The United Nations (UN) has issued a warning about the explosion of the global drug market, marked by a sharp rise in new synthetic drugs, cocaine, and methamphetamine. Drug trafficking gangs are taking advantage of global instability to penetrate new markets, according to the World Drug Report released Friday by the United Nations Office on Drugs and Crime (UNODC).
The report stresses that both new and established drugs are proliferating, filling the void left by the Taliban's ban on opium poppy cultivation in Afghanistan. UNODC Executive Director Monica Juma stated: 'We are witnessing an unprecedented increase in new drugs entering the market, and alarmingly, some are more potent or dangerous than before.'
According to the report, the number of drug types discovered in 2024 was five times higher than just four years earlier, as manufacturers continuously invent new synthetic drugs to evade detection. The UN recorded 755 novel psychoactive substances (NPS) in circulation in 2024, with 118 reported for the first time.
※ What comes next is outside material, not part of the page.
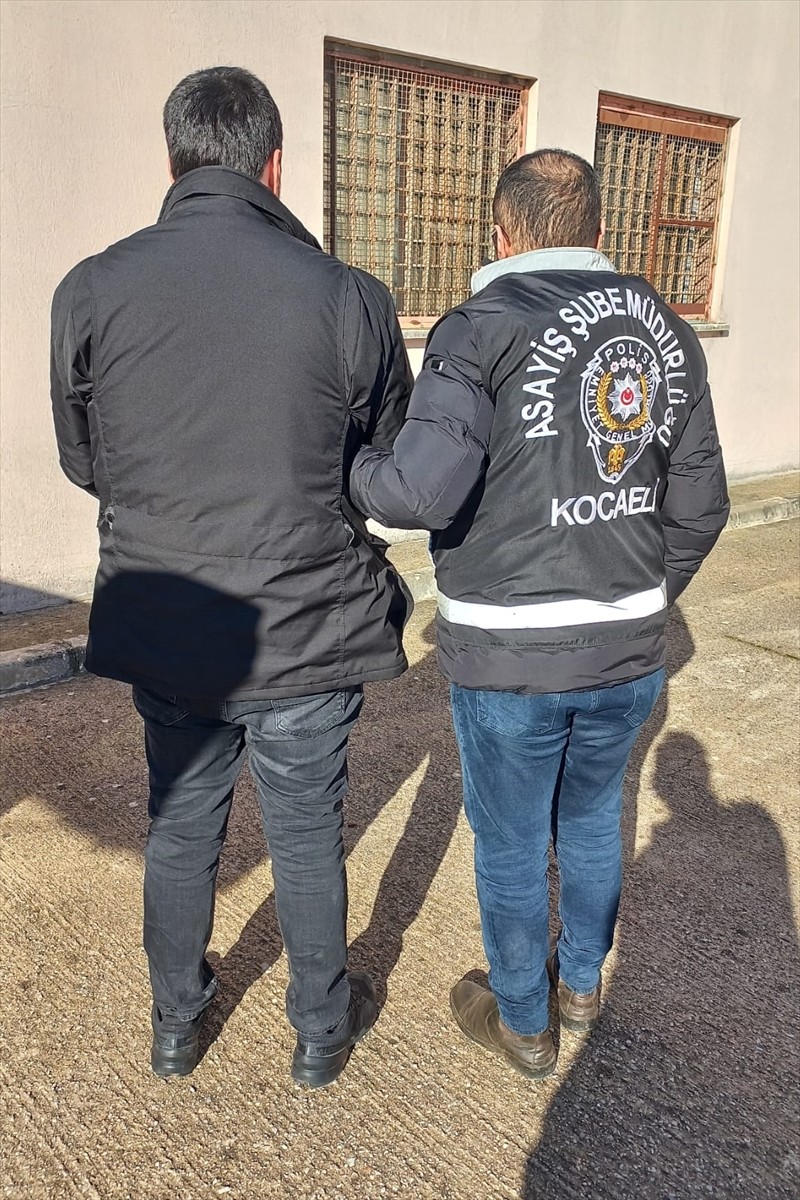 Kocaeli'de haklarında çeşitli suçlardan kesinleşmiş hapis cezası bulunan 3 hükümlü...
This surge comes as heroin production and use remain impacted by the Taliban's 2022 opium ban in Afghanistan. This has driven the growing popularity of synthetic opioids such as fentanyl, nitazenes, and orphines—which are more potent and easier to produce. UNODC warns this could cause a permanent shift in the global market and increase risks to users.
Methamphetamine trafficking is estimated to be growing 13% annually based on seizure volumes. New routes and the spread of production have created fresh markets, particularly in Africa, the Near and Middle East, and parts of Europe. The fall of the Assad regime in Syria in 2024 disrupted the Captagon market and drove up prices, leading the UN to fear users may switch from this amphetamine-type stimulant to methamphetamine.
Cocaine production has hit an all-time high, quadrupling over a decade to exceed 4,000 metric tons of pure cocaine in 2024. Organized crime groups continue to boost consumption in both traditional and emerging markets to expand their customer base, while quality improves and prices fall.